Stanchezza, frustrazione, rabbia, delusione e sconforto non vanno demonizzati né esorcizzati.
Non è sbagliato arrabbiarsi, sentirsi in difficoltà nel proprio ruolo di genitore.
Quello che è sbagliato è millantare, sui social o altrove, che esistano genitori che non incontrano queste difficoltà quotidiane.
Quello che è sbagliato è assecondare il nostro innato desiderio di confronto e continuare a farlo senza alcuna compassione per noi stessə e senza mettere in mai in discussione la veridicità di ciò che ci viene mostrato in superficie dagli altri.
Quello che è sbagliato è far sentire gli altri inadeguati e incapaci rispetto ad un mestiere, quello del genitore, che nessuno ci ha insegnato e che non ha test di ammissione all’ingresso.
Che tu l’abbia voluto o meno, ti ritrovi dentro con tutte le scarpe in qualcosa di molto più grande di te, di totalmente inaspettato, che mette a dura prova la tua resistenza fisica e mentale.
No, non sono gli Hunger Games, ma per certi versi non si discostano poi così tanto.
È un gioco di sopravvivenza alla deprivazione del sonno, alle crisi emotive, al senso di inadeguatezza, alla stanchezza psicofisica, ai sensi di colpa.
Ami tuo figliə più di te stessə, ma ogni tanto pensi che un po’ ti manca la vecchia e semplice vita.
Ovviamente non osi ammetterlo ad alta voce.
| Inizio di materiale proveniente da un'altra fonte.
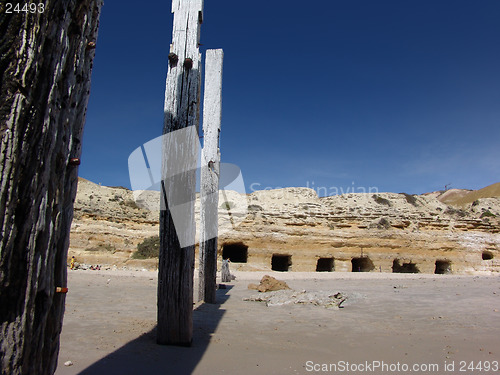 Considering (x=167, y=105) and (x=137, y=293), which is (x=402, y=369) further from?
(x=137, y=293)

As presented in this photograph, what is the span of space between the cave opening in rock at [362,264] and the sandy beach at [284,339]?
51.1ft

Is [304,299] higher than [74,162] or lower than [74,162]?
lower

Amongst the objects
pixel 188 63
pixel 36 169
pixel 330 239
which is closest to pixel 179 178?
pixel 188 63

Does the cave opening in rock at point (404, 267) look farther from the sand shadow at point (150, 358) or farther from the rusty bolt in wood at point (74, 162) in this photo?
the rusty bolt in wood at point (74, 162)

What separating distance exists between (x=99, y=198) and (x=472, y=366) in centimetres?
2937

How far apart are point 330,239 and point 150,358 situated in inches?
765

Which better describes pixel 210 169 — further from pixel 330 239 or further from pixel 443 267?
pixel 443 267

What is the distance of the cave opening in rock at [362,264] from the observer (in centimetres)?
2167

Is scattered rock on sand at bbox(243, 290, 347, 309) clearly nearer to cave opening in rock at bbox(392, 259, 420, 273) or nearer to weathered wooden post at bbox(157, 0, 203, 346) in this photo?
weathered wooden post at bbox(157, 0, 203, 346)

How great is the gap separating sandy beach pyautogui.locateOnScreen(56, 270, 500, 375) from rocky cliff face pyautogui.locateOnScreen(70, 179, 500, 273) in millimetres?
12717

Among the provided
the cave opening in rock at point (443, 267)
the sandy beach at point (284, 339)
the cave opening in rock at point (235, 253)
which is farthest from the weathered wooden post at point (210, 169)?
the cave opening in rock at point (443, 267)

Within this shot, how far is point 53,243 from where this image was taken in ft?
4.92

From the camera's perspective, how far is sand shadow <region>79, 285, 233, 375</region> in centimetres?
281

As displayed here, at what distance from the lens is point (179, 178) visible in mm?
3760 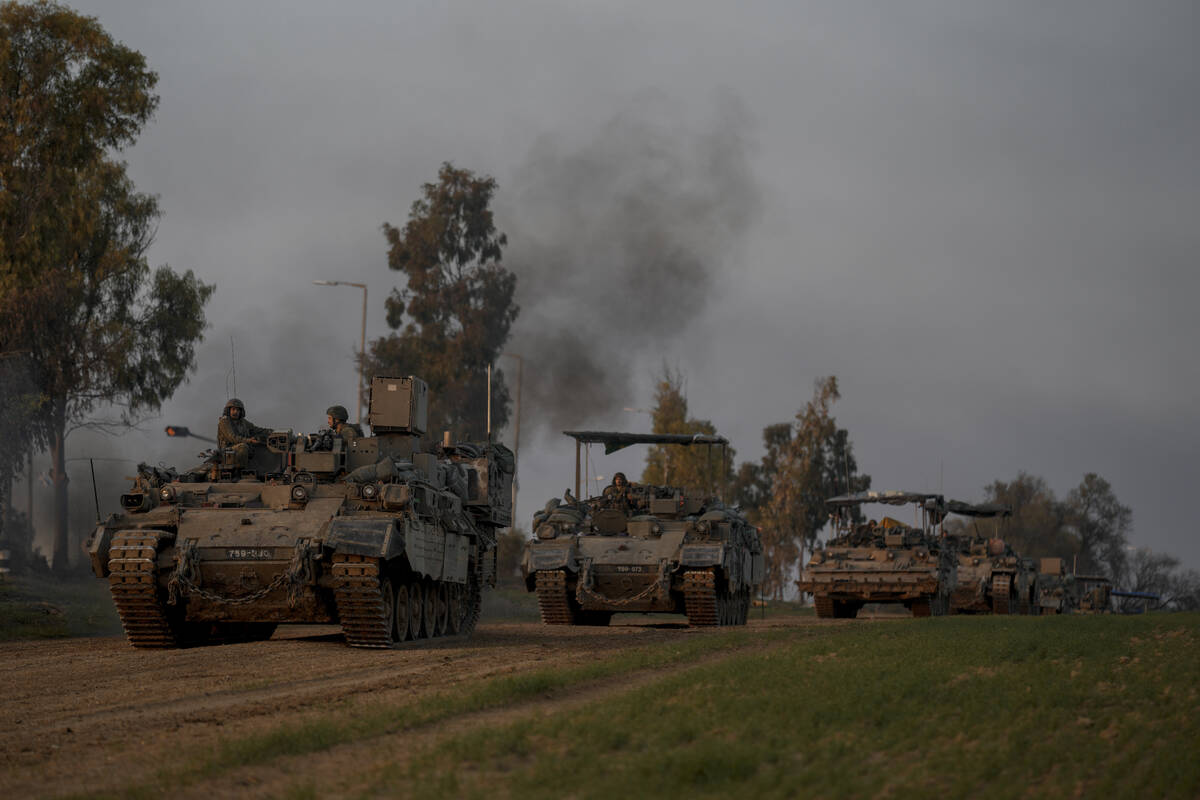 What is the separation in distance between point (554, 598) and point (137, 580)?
37.2 feet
Perché sei un’ingratə anche solo a pensarlo, perché chissà che cosa penserebbero gli altri di te, perché è socialmente disdicevole non conformarsi all’immagine idilliaca della genitorialità che ci viene venduta.
Possiamo leggere, informarci, confrontarci e crocifiggerci quanto vogliamo, ma la verità è che continueremo ad essere genitori imperfetti e fallibili.
Quello che possiamo fare, però, è imparare dai nostri errori, cadere un po’ meno frequentemente e rialzarci sempre più forti.
Imparare a raccontarsi la verità e a perdonarsi, forse è tutta qui la chiave.